|Posted:||May 1, 2019 12:37 PM|
|From:||Representative Johnathan D. Hershey|
|To:||All House members|
|Subject:||Opioid Patient Treatment Agreements|
In the near future I plan to introduce legislation to further address the Commonwealth's opioid epidemic to require new patients who need a prescribed opioid regime to enter into treatment agreements with a prescriber to ensure patients understand the risks of addiction and dangers of overdose associated with the medication and their role and responsibilities regarding their treatment.

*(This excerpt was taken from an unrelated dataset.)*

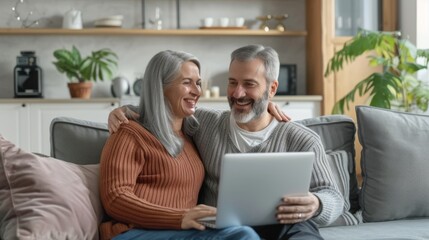 Smiling Senior Couple with Tablet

A provision of the treatment agreement would require new patients to undergo baseline drug testing to establish a general assessment of the new patient and periodic drug testing as deemed medically necessary by the medical prescriber in order to monitor adherence to existing patient treatment plans.
Baseline drug testing performed by a prescriber to identify aberrant behavior, undisclosed drug use and/or abuse and verification of compliance with treatment would be conducted in accordance with recommendations issued in the Commonwealth’s April 2018 revised Prescription Drug Guidelines for the Treatment of Chronic Pain, the Centers for Disease Control and Prevention’s 2016 Guidelines for Prescribing Opioids for Chronic Pain and at the prescriber's discretion.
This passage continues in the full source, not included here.